> **YOUR OBJECTIVE**
Under this line are the records; write out word for word the part that begins at the line containing "Набір контейнерів для" and ends at the line containing "Calvin Klein - Night", and no more.

[Records from a collection]

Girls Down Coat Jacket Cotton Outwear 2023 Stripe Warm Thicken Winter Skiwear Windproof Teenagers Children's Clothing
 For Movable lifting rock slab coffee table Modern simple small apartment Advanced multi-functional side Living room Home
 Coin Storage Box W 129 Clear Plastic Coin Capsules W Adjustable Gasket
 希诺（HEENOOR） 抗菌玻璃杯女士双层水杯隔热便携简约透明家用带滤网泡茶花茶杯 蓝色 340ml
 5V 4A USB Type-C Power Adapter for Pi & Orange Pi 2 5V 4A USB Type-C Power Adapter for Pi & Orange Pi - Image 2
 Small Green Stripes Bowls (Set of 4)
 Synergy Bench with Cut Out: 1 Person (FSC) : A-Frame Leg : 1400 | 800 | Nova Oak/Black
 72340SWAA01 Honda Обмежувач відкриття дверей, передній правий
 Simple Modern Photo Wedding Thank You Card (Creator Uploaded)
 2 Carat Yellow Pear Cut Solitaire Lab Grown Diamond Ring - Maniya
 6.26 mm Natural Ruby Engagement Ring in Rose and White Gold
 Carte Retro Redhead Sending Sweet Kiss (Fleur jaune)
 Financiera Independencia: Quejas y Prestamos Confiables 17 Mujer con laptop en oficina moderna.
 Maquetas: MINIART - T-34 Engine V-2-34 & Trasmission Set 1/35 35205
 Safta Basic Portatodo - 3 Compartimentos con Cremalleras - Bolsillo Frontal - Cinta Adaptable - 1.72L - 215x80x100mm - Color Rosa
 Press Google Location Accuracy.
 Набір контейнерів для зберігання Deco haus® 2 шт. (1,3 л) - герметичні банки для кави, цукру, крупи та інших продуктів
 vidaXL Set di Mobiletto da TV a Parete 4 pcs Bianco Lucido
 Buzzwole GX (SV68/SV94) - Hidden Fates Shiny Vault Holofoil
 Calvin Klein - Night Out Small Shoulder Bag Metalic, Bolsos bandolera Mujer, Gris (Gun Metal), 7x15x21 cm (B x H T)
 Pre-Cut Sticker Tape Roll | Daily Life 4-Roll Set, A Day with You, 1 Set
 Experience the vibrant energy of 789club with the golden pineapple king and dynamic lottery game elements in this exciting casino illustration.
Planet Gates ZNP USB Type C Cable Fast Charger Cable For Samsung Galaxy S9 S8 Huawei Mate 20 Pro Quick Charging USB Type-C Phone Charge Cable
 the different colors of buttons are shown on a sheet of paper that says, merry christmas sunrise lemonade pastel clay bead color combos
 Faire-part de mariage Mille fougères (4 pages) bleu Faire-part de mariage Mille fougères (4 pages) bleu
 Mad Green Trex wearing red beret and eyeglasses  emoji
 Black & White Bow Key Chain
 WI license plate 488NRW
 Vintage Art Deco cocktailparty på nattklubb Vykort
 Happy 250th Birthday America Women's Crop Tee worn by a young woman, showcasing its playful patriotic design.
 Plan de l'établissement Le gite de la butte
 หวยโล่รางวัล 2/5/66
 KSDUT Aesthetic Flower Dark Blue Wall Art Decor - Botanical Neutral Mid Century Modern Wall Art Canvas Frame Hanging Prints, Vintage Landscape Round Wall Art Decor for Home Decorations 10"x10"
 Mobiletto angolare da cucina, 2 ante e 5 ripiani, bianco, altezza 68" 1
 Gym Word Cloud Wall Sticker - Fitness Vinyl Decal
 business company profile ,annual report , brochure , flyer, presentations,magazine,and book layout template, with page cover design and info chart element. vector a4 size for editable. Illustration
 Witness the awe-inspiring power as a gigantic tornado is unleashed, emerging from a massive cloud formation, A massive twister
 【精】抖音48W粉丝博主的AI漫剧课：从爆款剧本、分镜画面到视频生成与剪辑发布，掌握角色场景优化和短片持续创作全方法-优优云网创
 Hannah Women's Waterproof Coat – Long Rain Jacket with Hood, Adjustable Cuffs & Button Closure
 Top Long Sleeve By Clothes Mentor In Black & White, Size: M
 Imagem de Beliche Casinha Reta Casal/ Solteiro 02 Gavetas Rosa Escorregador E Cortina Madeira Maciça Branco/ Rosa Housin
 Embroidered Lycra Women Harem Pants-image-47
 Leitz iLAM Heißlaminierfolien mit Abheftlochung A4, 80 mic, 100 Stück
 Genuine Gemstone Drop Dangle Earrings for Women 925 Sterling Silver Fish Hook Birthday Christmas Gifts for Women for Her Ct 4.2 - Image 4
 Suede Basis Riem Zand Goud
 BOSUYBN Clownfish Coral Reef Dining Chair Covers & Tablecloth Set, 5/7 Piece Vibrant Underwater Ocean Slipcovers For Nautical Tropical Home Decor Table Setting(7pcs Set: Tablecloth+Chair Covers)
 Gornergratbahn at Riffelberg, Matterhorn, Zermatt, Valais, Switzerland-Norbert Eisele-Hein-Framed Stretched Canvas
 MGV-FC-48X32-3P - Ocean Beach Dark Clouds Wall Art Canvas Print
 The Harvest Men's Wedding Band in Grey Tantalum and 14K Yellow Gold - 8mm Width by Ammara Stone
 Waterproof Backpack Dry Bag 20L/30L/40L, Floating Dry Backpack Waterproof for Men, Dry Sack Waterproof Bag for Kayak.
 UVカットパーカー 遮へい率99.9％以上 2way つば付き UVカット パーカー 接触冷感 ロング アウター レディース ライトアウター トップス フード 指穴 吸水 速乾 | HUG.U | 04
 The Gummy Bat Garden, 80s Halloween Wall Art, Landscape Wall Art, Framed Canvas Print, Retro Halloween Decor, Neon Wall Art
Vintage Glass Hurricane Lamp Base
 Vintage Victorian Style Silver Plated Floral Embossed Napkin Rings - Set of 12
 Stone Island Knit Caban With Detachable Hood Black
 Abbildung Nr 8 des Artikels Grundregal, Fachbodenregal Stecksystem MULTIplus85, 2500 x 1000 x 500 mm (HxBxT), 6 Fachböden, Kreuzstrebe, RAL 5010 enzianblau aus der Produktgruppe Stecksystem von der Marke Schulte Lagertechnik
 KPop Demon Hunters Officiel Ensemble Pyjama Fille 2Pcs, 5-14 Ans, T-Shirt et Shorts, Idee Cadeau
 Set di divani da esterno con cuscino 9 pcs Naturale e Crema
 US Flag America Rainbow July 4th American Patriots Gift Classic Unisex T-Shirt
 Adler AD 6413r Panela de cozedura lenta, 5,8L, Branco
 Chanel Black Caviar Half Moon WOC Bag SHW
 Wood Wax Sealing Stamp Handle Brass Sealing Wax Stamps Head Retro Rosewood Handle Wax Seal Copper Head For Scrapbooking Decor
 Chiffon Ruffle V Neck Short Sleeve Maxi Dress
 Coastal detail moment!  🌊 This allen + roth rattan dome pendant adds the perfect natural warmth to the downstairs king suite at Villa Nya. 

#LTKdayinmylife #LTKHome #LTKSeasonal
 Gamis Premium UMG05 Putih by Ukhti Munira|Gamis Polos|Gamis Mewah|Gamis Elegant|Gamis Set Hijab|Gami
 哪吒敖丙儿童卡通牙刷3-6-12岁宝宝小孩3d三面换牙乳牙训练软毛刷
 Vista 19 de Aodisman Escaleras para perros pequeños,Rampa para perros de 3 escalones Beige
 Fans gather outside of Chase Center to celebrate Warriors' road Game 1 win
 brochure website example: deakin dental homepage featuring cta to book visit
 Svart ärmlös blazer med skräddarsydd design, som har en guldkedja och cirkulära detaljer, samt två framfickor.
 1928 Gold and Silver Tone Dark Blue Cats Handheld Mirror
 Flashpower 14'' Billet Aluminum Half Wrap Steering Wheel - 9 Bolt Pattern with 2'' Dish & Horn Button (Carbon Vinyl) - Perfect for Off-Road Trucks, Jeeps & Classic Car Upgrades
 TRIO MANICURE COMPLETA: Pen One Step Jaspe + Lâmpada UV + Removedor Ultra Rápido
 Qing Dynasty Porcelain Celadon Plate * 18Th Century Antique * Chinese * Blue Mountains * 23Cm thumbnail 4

> **TASK SOLUTION**
 Набір контейнерів для зберігання Deco haus® 2 шт. (1,3 л) - герметичні банки для кави, цукру, крупи та інших продуктів
 vidaXL Set di Mobiletto da TV a Parete 4 pcs Bianco Lucido
 Buzzwole GX (SV68/SV94) - Hidden Fates Shiny Vault Holofoil
 Calvin Klein - Night Out Small Shoulder Bag Metalic, Bolsos bandolera Mujer, Gris (Gun Metal), 7x15x21 cm (B x H T)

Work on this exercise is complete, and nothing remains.